Top postie Christine Holgate pushes the envelope

Christine Holgate and her new wheels, complete with personalised plates.
Christine Holgate and her new wheels, complete with personalised plates.

Australia Post CEO Christine Holgate’s new wheels — decked in vanity plates — look like something that drove straight out of the garage of her predecessor Ahmed Fahour.

An electric blue Range Rover four-wheel drive, proudly sporting a bespoke “POSTY1” number plate. Where does the government-owned enterprise find these people?

Margin Call yesterday evening had the pleasure of informing Holgate’s employees at the postal service’s Melbourne headquarters about the new vehicle, which the boss keeps at her Mosman base.

Christine Holgate’s new Range Rover
Christine Holgate’s new Range Rover

It’s undoubtedly a head-turning way for the former Blackmores boss to get around Sydney’s lower north shore or to travel up to the Pearl Beach weekender she bought for $5 million from retail billionaire Brett Blundy.

But it does seem a bit tone-deaf. And it demonstrates an extraordinary lack of corporate memory.

Only four years ago, Holgate’s predecessor Ahmed Fahour created a mini-scandal when he started commuting to Australia Post’s Bourke Street HQ in a new Maserati.

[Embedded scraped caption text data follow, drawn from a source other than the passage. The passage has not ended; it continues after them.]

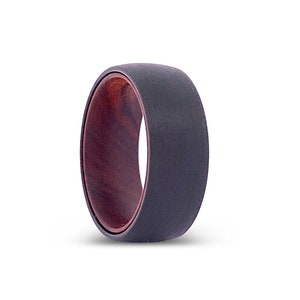 Black Tungsten Ring | Iron Wood | Mens Wedding Band | Tungsten Wedding Ring | Unique Tungsten Band | Promise Ring | Wood Ring | Gift for Him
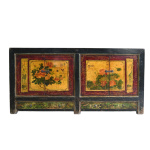 Chinese Floral Painted Sideboard Cupboard Cabinet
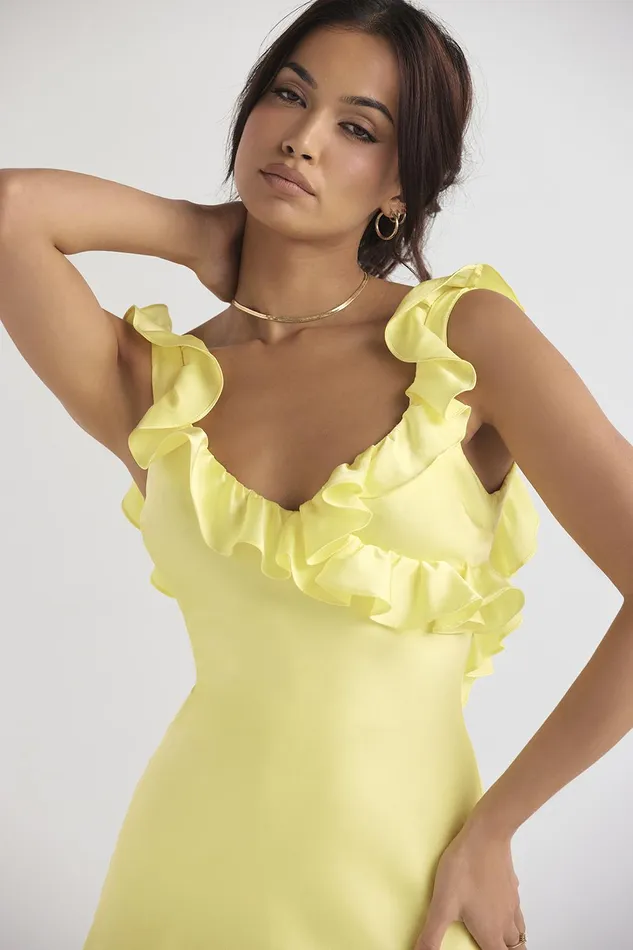 House Of CB TinkButtercup Satin Ruffle Mini Dress Buttercup Women Mini Dresses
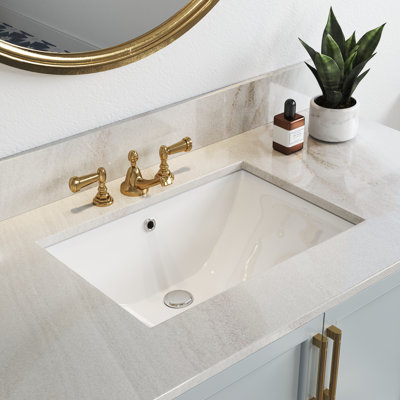 Lavabo de salle de bain encastré en céramique blanche avec trop-plein 23,62 po x 15,75 po ClarityPure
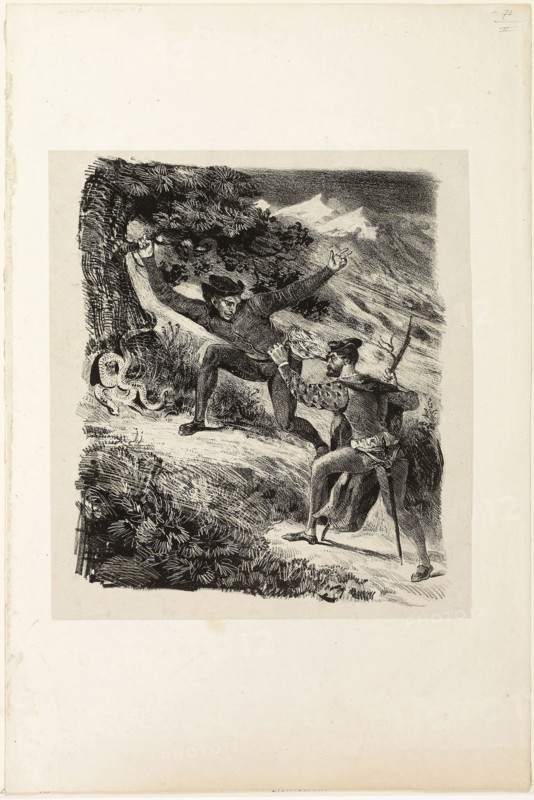 Faust and Mephistopheles in the Harz Mountains, 1828, Eugène Delacroix, French, 1798-1863, France, Lithograph in black on light gray China paper laid down on ivory wove paper, 250 × 210 mm (image), 435 × 290 mm (sheet)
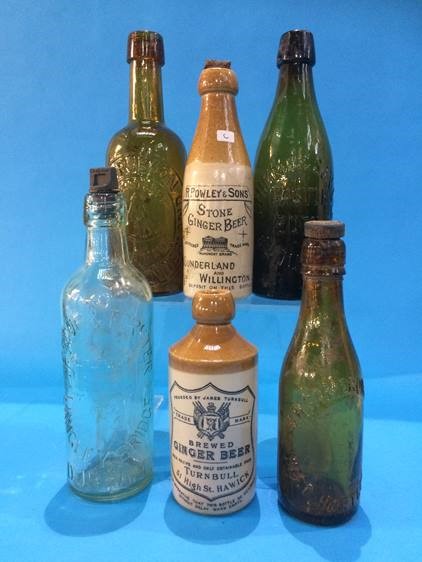 Four glass bottles; Jessop and Forster Durham, Cameron West Hartlepool, Nimmo and Son Castle Eden, - Image 2 of 2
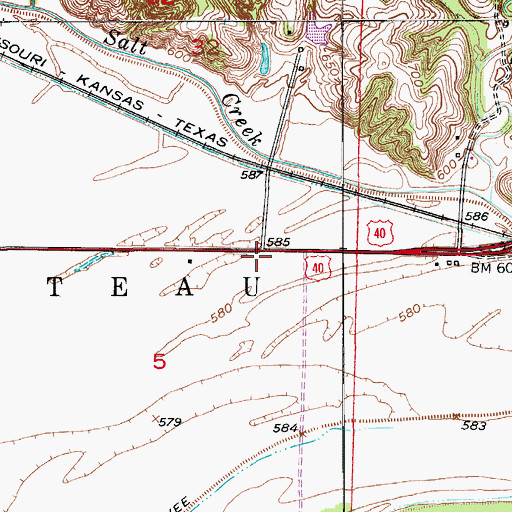 Topographic Map of Dodson School (historical), MO
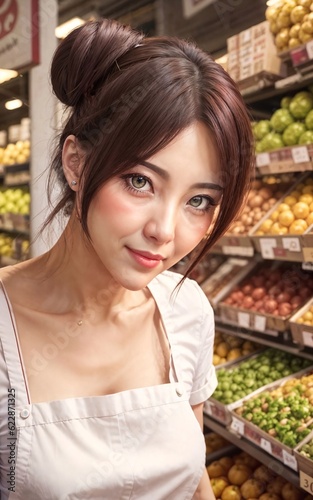 photo of beautiful woman as a shopkeeper at the market  generative AI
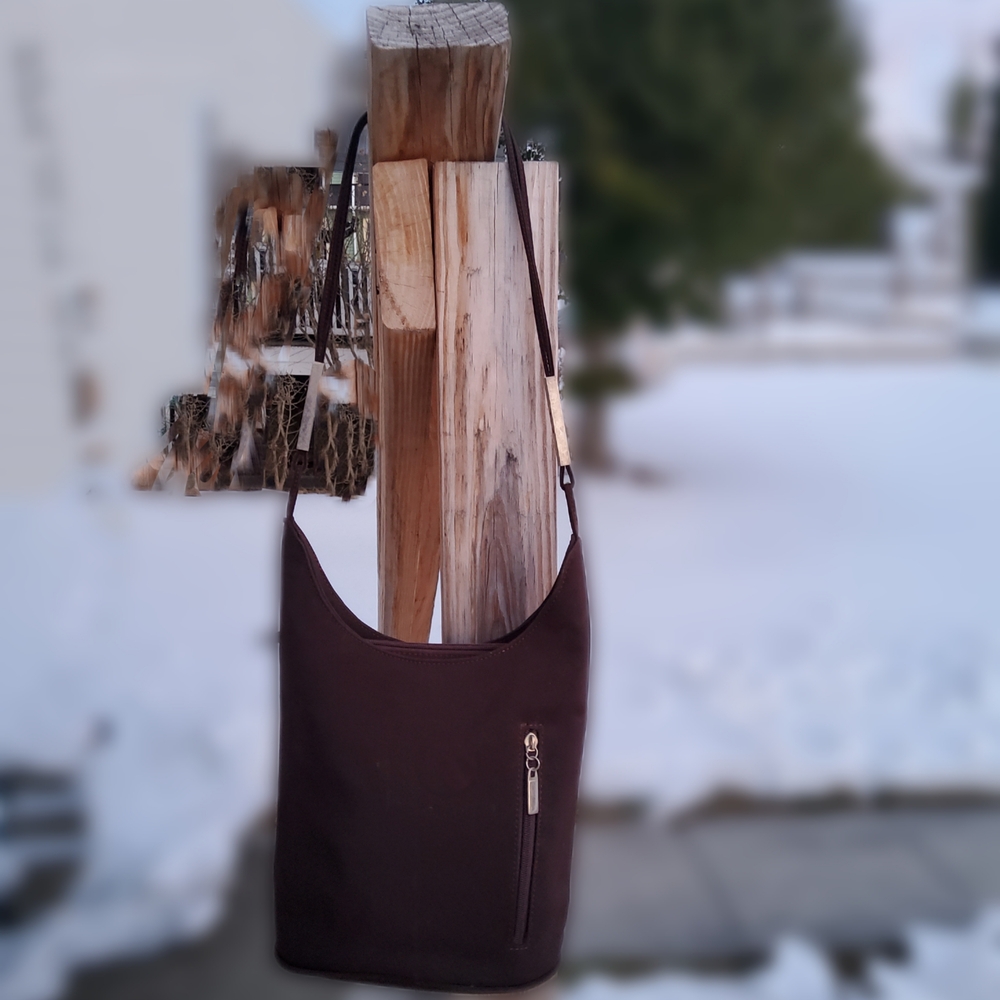 Vintage Dark Brown Hobo Shoulder Bag | Minimalist Sleek Aesthetic | Silv Hardwar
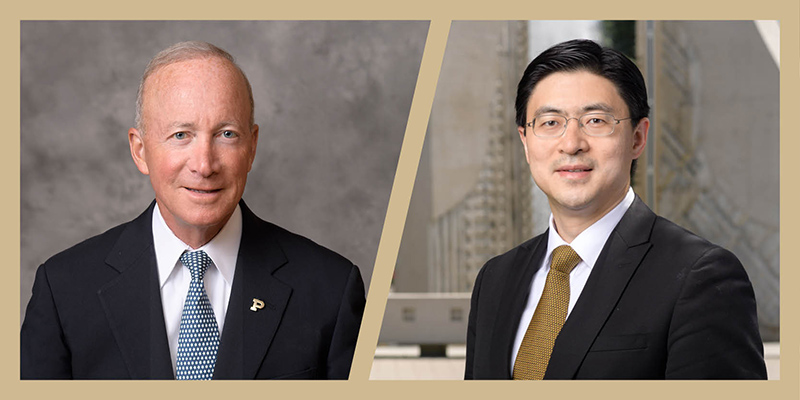 On the left is the current Principal Mitch Daniels, on the right is the next Principal Mung Chiang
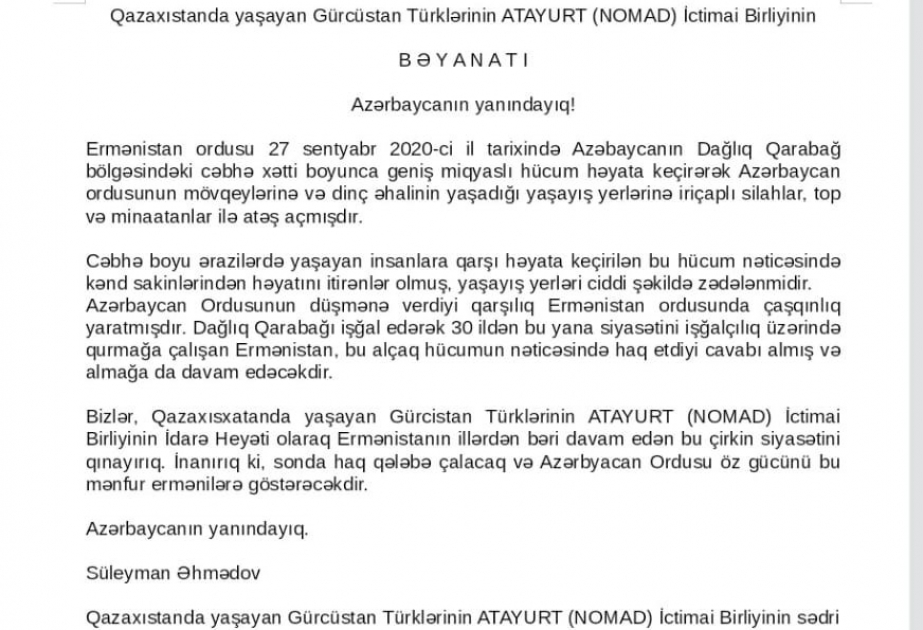 Qazaxıstanda fəaliyyət göstərən Azərbaycan diasporu Ermənistanın təxribatları ilə bağlı bəyanat yayıb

That vehicle — and its now infamous “AMAZZN” vanity number plate — was a gift to the $5.6 million man from his wife Dionnie, from whom Fahour has since separated.

Holgate’s camp say there’s a similar story for “POSTY1”: the Rover and its brash plates were a gift from her husband Michael Harding, the chair of Downer EDI and rare earths business Lynas, and consequently a man who has been in the media a bit himself.

You have to wonder, though, do these two senior figures of corporate Australia read the papers — or at least any of the bits that aren’t about them?

It might be a habit worth picking up if Holgate wants to keep commuting to Melbourne’s Grand Hyatt for the circa-$2.86m-a-year gig.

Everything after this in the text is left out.